Aim: The aim of the study was to evaluate the effects of the isobaric ropivacaine in combination with fentanyl and compare it with the isobaric ropivacaine alone in spinal anesthesia for lower abdominal and lower limb surgeries.
Settings and Design: Double-blinded randomized controlled trial.
Subjects and Methods: Hundred patients belonging to American Society of Anesthesiologists physical status I and II scheduled for either lower abdominal or lower limb surgery under spinal anesthesia were included. The study was a prospective double-blinded randomized controlled trial where patients were randomly allocated into two groups to receive either 2.5 ml of 0.75% (18.75 mg) isobaric ropivacaine with 25 μg fentanyl (Group RF) or 2.5 ml of 0.75% (18.75 mg) isobaric ropivacaine with 0.5 ml of 0.9% saline (Group R) intrathecally.
Statistical Analysis: Data analysis was done by Student's unpaired t-test. SPSS version 16 was used. P < 0.05 was considered as statistically significant.

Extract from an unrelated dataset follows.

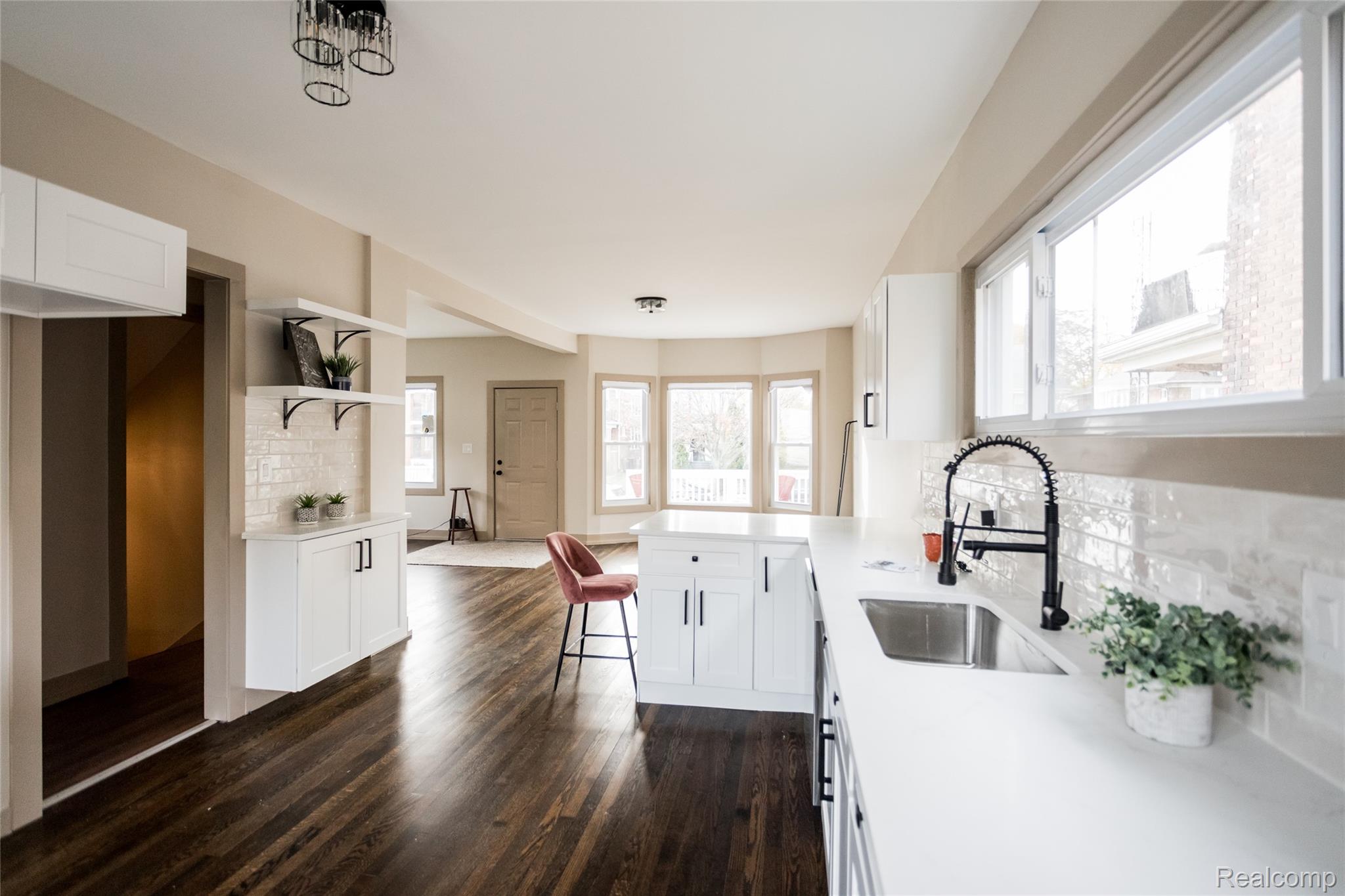 2630 Harding Street Detroit, MI 48214 - Photo 10 of 30 Open-concept kitchen with white shaker cabinetry, light-toned countertops, and a white subway tile backsplash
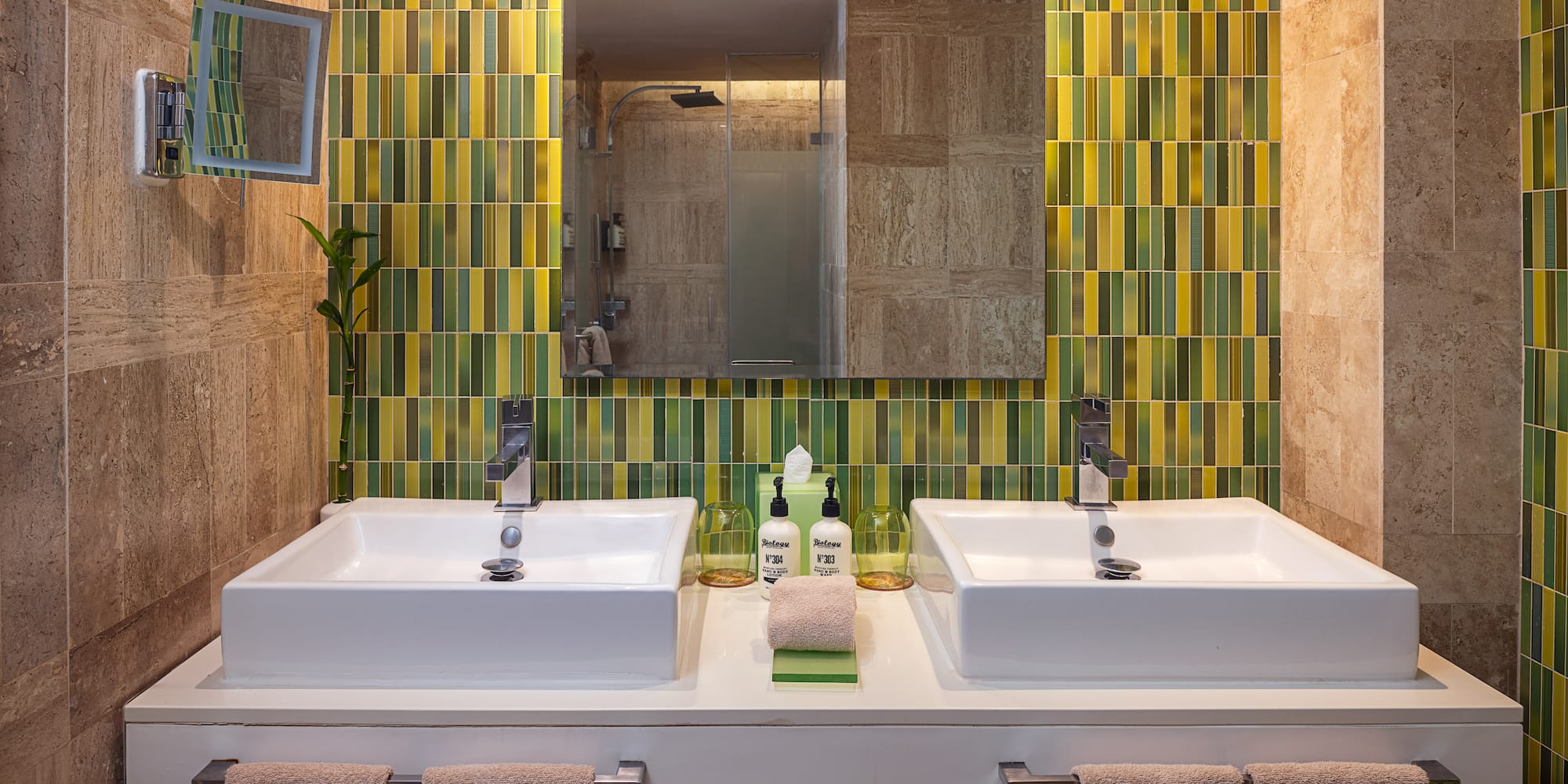 a bathroom with two sinks and a mirror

Results: We found no significant difference in hemodynamics, onset of sensory and motor block, peak level of block, recovery from motor block, return of micturition and incidence of side effects with the addition of fentanyl to ropivacaine. First request for analgesia was required earlier in the control group. There was also a significant prolongation of the duration of sensory block (mean - 341.6 min) and postoperative analgesia in Group RF (mean - 442.2 min) (P < 0.001).
Conclusion: The addition of fentanyl to ropivacaine significantly prolongs the duration of postoperative analgesia with clinically insignificant influence on hemodynamics and motor blockade with minimal side effects.
Keywords: Fentanyl, intrathecal, postoperative analgesia, ropivacaine
|How to cite this article:|
Seetharam KR, Bhat G. Effects of isobaric ropivacaine with or without fentanyl in subarachnoid blockade: A prospective double-blind, randomized study. Anesth Essays Res 2015;9:173-7
|How to cite this URL:|
Seetharam KR, Bhat G. Effects of isobaric ropivacaine with or without fentanyl in subarachnoid blockade: A prospective double-blind, randomized study. Anesth Essays Res [serial online] 2015 [cited 2020 Jan 25];9:173-7. Available from: http://www.aeronline.org/text.asp?2015/9/2/173/152149
| Introduction|| |
Spinal anesthesia is a very old and popular anesthetic technique with a high success rate and a good safety profile. In order to improve further and understand safety issues as well as the clinical use of spinal anesthesia, new local anesthetics and analgesic additives are being investigated for different applications. As the practice of medicine focuses increasingly on out-patient care, spinal anesthetics should provide short acting and adequate anesthesia without compromising early ambulation and discharge from the day surgery unit. Ropivacaine is one local anesthetic that could have potential in this area. 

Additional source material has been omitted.